En la matière, son interprétation a créé de graves controverses au sein de la communauté des juristes et dans la société ivoirienne. Cette Constitution n’est pas consensuelle puisqu’elle a exacerbé les tensions et divise davantage les populations. Comment une loi fondamentale aussi « confligène », peut-elle garantir la paix sociale que tous recherchent ?
Il est impérieux de se doter d’une autre constitution dont la rédaction bénéficierait de l’expertise et de la sagesse d’une bonne équipe composée de juristes, de politiques, de religieux, d’organisations de la société civile, d’intellectuels, d’hommes d’affaires de chefs coutumiers représentants les quatre (04) grands groupes ethnolinguistiques du pays (Akan, Gour, Mandé et Krou). Le gouvernement prendra les dispositions idoines afin que la nouvelle loi fondamentale soit votée par voie référendaire. Ainsi, cette constitution consensuelle rassemblera les peuples de la Côte d’Ivoire et sera le gage d’un nouveau contrat social.
L’élaboration d’un système électoral consensuel
Le système électoral actuel ne peut pas garantir la paix sociale. Il est une source majeure des conflits électoraux qui occasionnent des crises graves depuis 2010. Il faut donc une réforme profonde de ce système, fondée sur la rédaction d’une nouvelle loi sur la Commission Electorale Indépendante (CEI).
Cette réforme débouchera sur un nouveau consensus électoral. Elle consistera en :
- L’adoption de la nouvelle loi sur la CEI,
- la mise en place d’une nouvelle CEI véritablement indépendante. Cette
CEI ne contiendra aucun représentant des Partis politiques, ni des institutions de l’Etat. Les acteurs de cette CEI auront un statut particulier avec des salaires et des moyens conséquents, toutes choses qui garantissent leur indépendance vis-à-vis des partis et des autorités politiques et administratives. Ces acteurs de la CEI seront recrutés par appel d’offre et en dehors des partis et mouvements politiques. Ils ne seront pas des représentants ni du pouvoir, ni de l’opposition. Les représentants des partis, et mouvements politiques et des organisations de la société civile, se constitueront en structure d’observation de toutes les étapes du processus électoral,
- la recomposition du Conseil Constitutionnel par le changement du mode de désignation de ses membres qui ne devront plus être nommés par le Chef de l’Etat,
- la révision du code électoral,
- la révision après un audit, de la liste électorale,
- l’adoption d’un nouveau découpage électoral juste et équitable, (à partir de critères internationaux, notamment celui du nombre d’habitants par circonscription, les élus étant les représentants des populations),
- la sécurisation des candidats, de leurs représentants et des opérations électorales.
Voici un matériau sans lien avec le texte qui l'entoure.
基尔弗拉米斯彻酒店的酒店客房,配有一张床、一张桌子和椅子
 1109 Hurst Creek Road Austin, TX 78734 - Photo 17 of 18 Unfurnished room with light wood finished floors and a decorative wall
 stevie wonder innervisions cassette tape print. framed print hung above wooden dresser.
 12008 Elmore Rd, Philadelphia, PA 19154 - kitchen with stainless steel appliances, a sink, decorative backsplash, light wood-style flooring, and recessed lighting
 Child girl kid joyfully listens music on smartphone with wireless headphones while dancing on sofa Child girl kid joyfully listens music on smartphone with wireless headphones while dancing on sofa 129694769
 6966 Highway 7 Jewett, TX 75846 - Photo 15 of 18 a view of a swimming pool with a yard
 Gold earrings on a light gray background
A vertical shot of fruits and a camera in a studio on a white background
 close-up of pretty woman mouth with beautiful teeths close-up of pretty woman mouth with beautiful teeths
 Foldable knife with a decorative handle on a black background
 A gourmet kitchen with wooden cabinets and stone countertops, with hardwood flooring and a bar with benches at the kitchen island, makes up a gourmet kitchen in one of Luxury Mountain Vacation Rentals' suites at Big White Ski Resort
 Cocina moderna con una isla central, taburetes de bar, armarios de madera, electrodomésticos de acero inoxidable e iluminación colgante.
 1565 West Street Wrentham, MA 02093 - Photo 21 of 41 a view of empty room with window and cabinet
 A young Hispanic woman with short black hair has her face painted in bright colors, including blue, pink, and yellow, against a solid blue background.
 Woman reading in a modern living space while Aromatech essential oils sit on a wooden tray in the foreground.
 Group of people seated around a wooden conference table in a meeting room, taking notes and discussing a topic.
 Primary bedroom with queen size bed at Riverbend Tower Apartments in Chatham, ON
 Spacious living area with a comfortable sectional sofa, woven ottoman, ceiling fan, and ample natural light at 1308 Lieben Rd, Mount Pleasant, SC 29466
Le défi de la réconciliation nationale
La réconciliation nationale est une exigence pour que le pays retrouve sa quiétude d’antan. S’il est vrai qu’elle est un processus de longue haleine, elle implique des défis urgents à relever pour sa mise en œuvre. Ces défis concernent les mesures courageuses à prendre pour favoriser l’émergence d’un environnement propice au pardon et au « revivre-ensemble ». Ce sont notamment :
- l’adoption d’une loi d’amnistie générale qui permettrait de libérer tous les détenus politiques civils et militaires, de même que ceux qui sont en liberté conditionnelle,
- l’institution d’un observatoire consensuel de la démocratie et de la paix,
- l’adoption d’une loi qui garantisse l’accès des partis et mouvements politiques de l’opposition aux médias d’État,
- la création d’une commission nationale consensuelle dont les missions seront :
· œuvrer au retour sécurisé et à l’insertion sociale de tous des exilés et les déplacés (revoir conséquemment leur accompagnement financier après en avoir discuté et trouvé un accord avec eux),
· réparer les torts causés : rétrocession des biens (plantations, maisons, terrains etc.), dédommagements, rétablissement des emplois, des salaires, des indemnités, remise en état des biens endommagés ou détruits.
· veiller à l’exercice démocratique des libertés publiques.